La differenza la fanno i Crazy Horse, gli unici musicisti capaci di interpretare questo approccio particolare dei molti gruppi che Young negli anni ha avuto con sé. Se provate a seguire singolarmente le parti di ognuno, troverete uno straordinario Frank Sampedro a costruire una montagna inesauribile di riff uno diverso dall’altro nel cercare di tamponare e allo stesso tempo spingere avanti Neil Young. Mentre Ralph Molina picchia in modo ossessivo e e monotematico sui tamburi, trovando invece un linguaggio tutto suo con cambi di tempo e svisate che sono il suo viaggio personale. Mettete tutto questo insieme alla chitarra di Young e capirete come è possibile si possa arrivare a trenta minuti di assalto sonoro senza stanchezza. Nell’insieme, sembra esserci solo Young, ma l’insieme è dato dalla costruzione di architetture soniche da parte di ognuno dei presenti che rendono il tutto affascinante e inquietante allo stesso tempo. In Walk like a Giant succede più o meno lo stesso, anche se con più furore sonico. Se Driftin’ Back infatti invitava a rifugiarsi nei giorni gloriosi della giovinezza, Walk like a Giant è il diario di una sconfitta, personale e generazionale: “Io e qualche amico, abbiamo provato a cambiare il mondo, volevamo renderlo migliore, eravamo pronti a salvare il mondo ma poi il tempo cambiò”. Ero un gigante allora, dice Neil Young: oggi cosa sono? Il brano è un assalto sonico furioso, dove le ferite dell’animo vengono scavate ancora più a fondo dalla chitarra in un turbinio reso solo più abbordabile da un coro doo woop e da Young che fischietta sopra le sciabolate chitarristiche.
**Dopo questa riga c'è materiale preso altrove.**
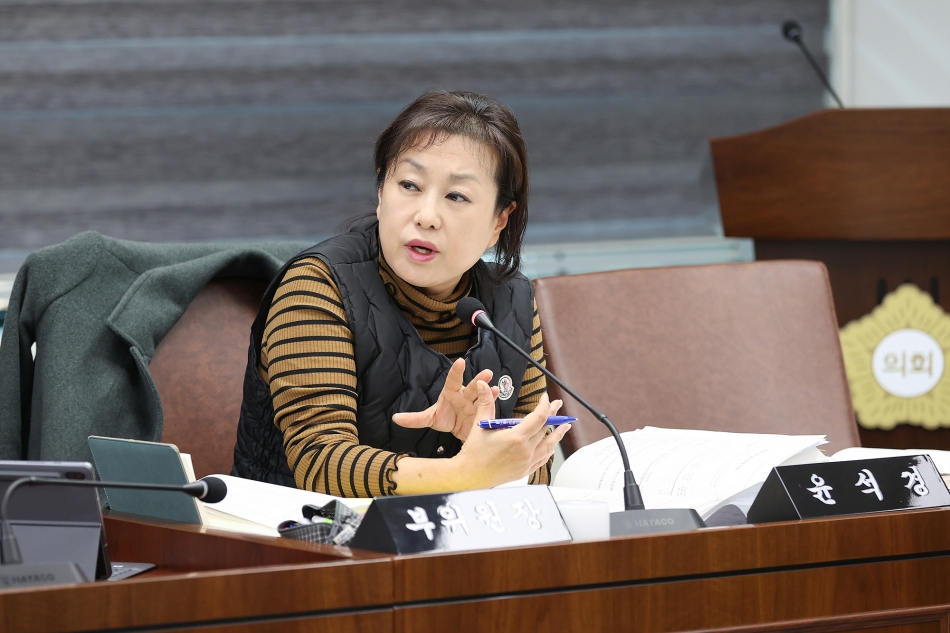 제332회 시흥시의회(제2차 정례회) 교육복지위원회(2026년도예산안)_13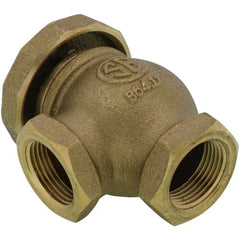 ZURN Zurn 34-35XL 3/4 35XL Atmospheric Vacuum Breaker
Così è più o meno tutto il disco: She’s Always Dancing non è neanche più una canzone. E’ un refrain che ripete le stesse parole mentre la chitarra va altrove. La title track è offerta in due versioni: un psichedelica, stravolta da effettacci un po’ dozzinali, e una senza distorsioni che si rivela un bell’hard rock tosto e diretto (e anche di breve durata). Born in Ontario è un divertente brano dall’andamento country spigliato dove Young rivendica orgogliosamente le sue radici canadesi, mentre con For The Love Of Man, un brano che si sentiva in concerto già nel 1981, siamo dalle parti dello Young più cantautore classico in chiave semi acustica. Una melodia piena della malinconia debordante del canadese, come le foglie di autunno che si staccano nei boschi del grande nord. Twisted Road infine è un tributo agli eroi musicali suoi e della sua generazione, da Bob Dylan ai Grateful Dead. E a proposito dei testi, come nei suoi ultimi dischi essi sono sempre più ricchi di rimpianto per le occasioni sprecate dalla sua generazione, quella che voleva cambiare il mondo e invece ha cambiato poco o niente come lo stesso Young dice. Dall’altra parte, c’è sempre più tenerezza e riconoscenza per la sua famiglia. la moglie che gli sta accanto da oltre trent’anni, i figli handicappati avuti da due donne diverse, la famiglia insomma, come unica ancora di salvezza. Per un uomo che, a 66 anni, sente ancora uno spirito indomabile: “Ogni tanto quando le cose vanno male, piglio una penna, scarabocchio su un foglio, cercando di dare un senso alla mia rabbia”. Non è poco, anzi è tanto.